#### Your objective:
The response should hold each line from the entries below where "Warm" is found.

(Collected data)
=====

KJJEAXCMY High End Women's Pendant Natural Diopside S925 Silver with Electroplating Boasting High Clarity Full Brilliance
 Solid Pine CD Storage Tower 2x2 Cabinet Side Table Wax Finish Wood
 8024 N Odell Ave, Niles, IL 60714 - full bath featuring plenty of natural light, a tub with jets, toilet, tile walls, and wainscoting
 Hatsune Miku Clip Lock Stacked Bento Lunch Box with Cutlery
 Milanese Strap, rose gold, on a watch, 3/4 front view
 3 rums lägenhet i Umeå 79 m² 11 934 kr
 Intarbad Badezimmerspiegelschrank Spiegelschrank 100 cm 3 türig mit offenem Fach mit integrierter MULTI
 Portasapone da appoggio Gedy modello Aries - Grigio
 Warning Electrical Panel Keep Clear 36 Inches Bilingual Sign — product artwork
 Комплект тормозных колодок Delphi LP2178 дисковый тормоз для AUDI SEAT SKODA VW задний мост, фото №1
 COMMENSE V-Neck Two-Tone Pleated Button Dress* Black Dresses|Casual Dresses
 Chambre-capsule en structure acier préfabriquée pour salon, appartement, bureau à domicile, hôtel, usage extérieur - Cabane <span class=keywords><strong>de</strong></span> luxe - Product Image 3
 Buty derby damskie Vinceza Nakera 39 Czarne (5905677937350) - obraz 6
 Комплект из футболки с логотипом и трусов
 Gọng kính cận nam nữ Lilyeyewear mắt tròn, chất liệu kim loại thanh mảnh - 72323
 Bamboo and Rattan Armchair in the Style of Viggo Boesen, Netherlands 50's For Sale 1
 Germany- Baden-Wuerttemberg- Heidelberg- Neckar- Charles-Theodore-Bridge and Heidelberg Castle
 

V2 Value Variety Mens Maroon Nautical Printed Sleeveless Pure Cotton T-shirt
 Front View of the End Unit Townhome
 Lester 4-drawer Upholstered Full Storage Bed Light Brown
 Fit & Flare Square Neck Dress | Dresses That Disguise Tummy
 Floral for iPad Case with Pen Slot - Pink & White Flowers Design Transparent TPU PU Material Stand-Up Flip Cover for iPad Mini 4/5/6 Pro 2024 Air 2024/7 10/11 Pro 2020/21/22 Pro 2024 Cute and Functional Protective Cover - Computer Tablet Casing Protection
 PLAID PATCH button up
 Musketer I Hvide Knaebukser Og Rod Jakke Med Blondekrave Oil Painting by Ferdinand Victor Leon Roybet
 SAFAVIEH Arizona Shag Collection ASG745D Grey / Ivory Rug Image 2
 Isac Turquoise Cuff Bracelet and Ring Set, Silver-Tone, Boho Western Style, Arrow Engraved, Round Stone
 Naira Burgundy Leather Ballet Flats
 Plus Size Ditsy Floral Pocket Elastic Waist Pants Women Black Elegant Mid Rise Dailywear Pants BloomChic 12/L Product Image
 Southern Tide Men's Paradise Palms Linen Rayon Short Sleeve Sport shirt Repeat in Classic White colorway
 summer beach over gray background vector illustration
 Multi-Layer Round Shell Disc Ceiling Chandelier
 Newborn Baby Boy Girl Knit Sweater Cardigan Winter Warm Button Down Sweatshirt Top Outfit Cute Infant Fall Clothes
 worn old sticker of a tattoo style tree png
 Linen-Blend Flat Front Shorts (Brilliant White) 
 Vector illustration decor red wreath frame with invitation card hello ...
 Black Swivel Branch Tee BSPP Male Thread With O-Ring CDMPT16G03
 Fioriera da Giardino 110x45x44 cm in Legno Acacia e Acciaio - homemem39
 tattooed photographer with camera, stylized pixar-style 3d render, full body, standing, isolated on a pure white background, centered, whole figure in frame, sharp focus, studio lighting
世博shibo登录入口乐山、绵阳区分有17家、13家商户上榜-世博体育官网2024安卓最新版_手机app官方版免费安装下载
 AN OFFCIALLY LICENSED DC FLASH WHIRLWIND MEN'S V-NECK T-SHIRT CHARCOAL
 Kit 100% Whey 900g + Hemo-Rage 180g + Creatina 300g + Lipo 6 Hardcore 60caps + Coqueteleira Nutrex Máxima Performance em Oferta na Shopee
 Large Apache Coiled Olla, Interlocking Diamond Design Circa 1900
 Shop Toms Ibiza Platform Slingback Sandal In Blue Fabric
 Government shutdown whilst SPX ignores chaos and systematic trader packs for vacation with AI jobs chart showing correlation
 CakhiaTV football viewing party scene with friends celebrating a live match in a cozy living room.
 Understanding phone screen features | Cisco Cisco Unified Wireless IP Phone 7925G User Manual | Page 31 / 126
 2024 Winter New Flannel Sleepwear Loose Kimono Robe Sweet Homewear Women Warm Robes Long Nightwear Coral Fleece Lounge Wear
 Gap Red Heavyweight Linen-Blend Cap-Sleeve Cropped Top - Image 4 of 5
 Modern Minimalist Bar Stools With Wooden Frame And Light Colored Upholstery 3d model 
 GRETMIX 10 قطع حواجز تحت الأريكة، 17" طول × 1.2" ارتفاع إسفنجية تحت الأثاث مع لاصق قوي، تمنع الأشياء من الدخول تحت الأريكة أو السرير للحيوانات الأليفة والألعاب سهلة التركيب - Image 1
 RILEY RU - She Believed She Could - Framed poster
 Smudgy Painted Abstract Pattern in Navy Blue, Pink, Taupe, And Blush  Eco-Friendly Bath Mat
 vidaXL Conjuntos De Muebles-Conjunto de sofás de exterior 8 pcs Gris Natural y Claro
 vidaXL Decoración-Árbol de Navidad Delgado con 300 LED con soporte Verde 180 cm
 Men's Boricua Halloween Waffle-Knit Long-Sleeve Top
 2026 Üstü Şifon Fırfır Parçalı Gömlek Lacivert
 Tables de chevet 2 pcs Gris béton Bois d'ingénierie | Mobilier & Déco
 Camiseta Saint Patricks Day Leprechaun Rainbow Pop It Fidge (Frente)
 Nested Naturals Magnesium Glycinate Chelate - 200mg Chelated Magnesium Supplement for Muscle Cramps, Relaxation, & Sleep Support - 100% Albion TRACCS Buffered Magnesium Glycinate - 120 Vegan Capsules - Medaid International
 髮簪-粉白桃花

=====

#### Solution:
 Newborn Baby Boy Girl Knit Sweater Cardigan Winter Warm Button Down Sweatshirt Top Outfit Cute Infant Fall Clothes
 2024 Winter New Flannel Sleepwear Loose Kimono Robe Sweet Homewear Women Warm Robes Long Nightwear Coral Fleece Lounge Wear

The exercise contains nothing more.